======== Task inputs

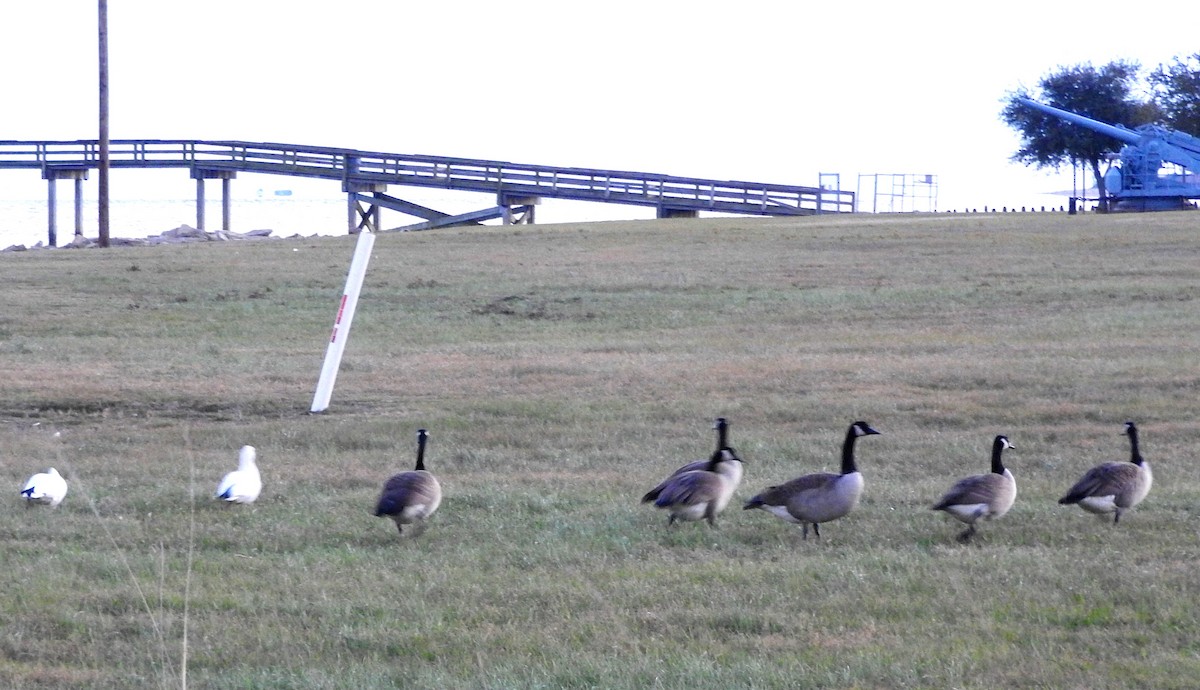 Ross's Goose - ML80293011
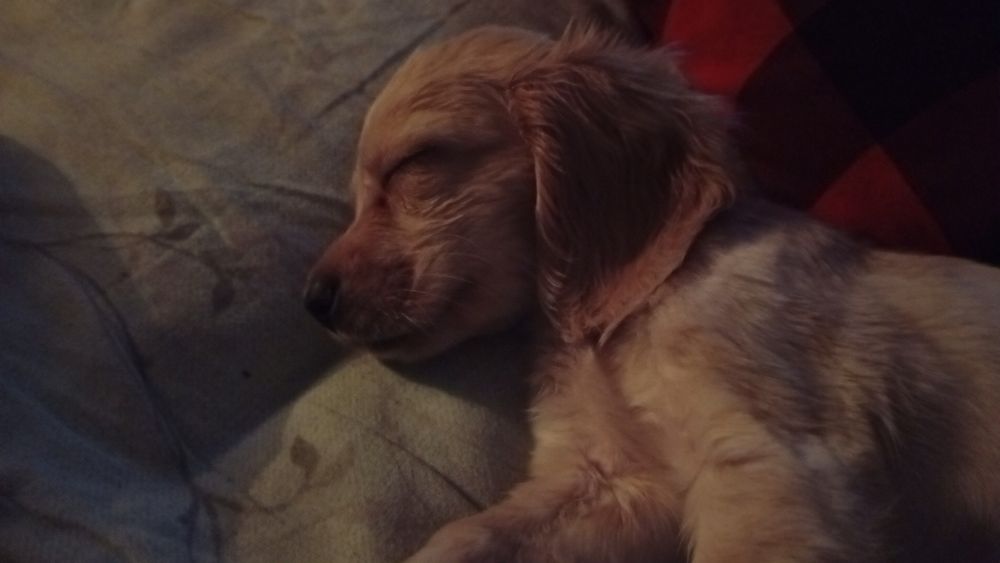 ЛЮДИ ДОБРЫЕ помогите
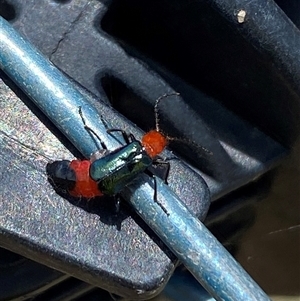 Carphurini sp. (tribe) at Yarralumla, ACT - 28 Nov 2024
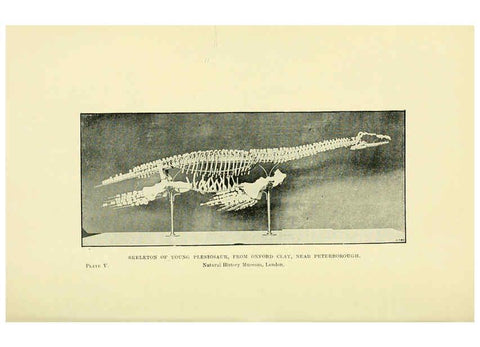 Reproducción/Reproduction 6288293507: Extinct monsters and creatures of other days London :Chapman & Hall,1910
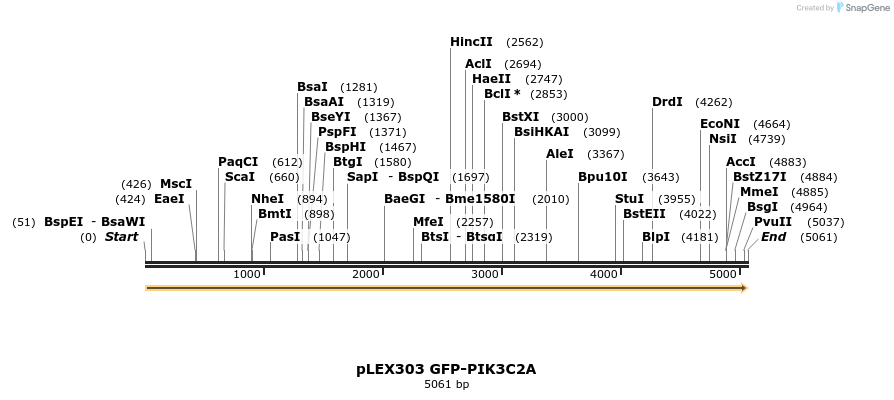 314222_map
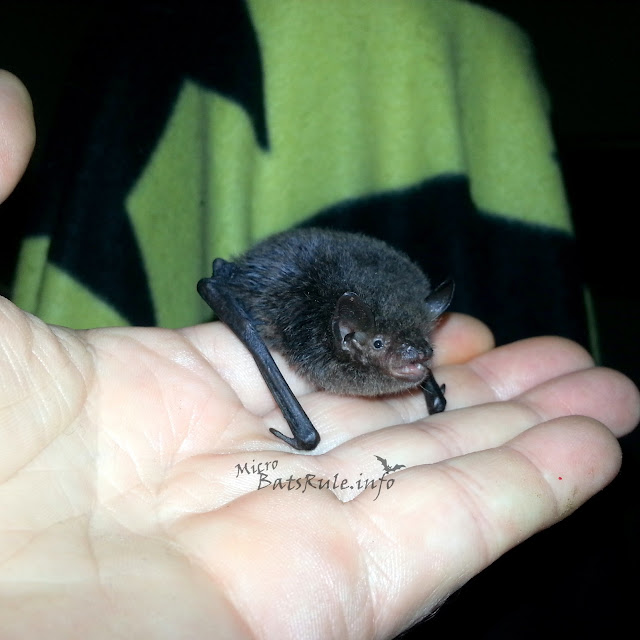 Rehab | Microbat in care | Myotis Macropus, Southern Myotis, Largefooted Myotis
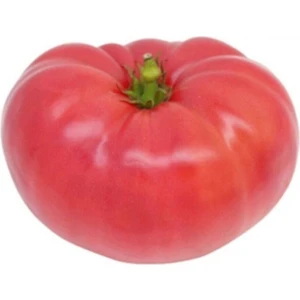 Ayc Botanik 20 Adet Pembe Biftek Domates Tohumu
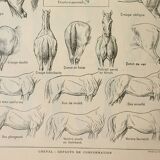 Old engraving 1922, Horse, conformation, anatomy, stable • Lithograph, Original plate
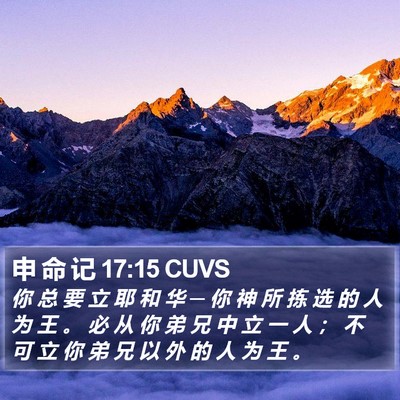 申 命 记 17:15 CUVS Bible Verse Image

================

Leaving every picture out, repeat each line of the material exactly.

 Ross's Goose - ML80293011
 ЛЮДИ ДОБРЫЕ помогите
 Carphurini sp. (tribe) at Yarralumla, ACT - 28 Nov 2024
 Reproducción/Reproduction 6288293507: Extinct monsters and creatures of other days London :Chapman & Hall,1910
 314222_map
 Rehab | Microbat in care | Myotis Macropus, Southern Myotis, Largefooted Myotis
 Ayc Botanik 20 Adet Pembe Biftek Domates Tohumu
 Old engraving 1922, Horse, conformation, anatomy, stable • Lithograph, Original plate
 申 命 记 17:15 CUVS Bible Verse Image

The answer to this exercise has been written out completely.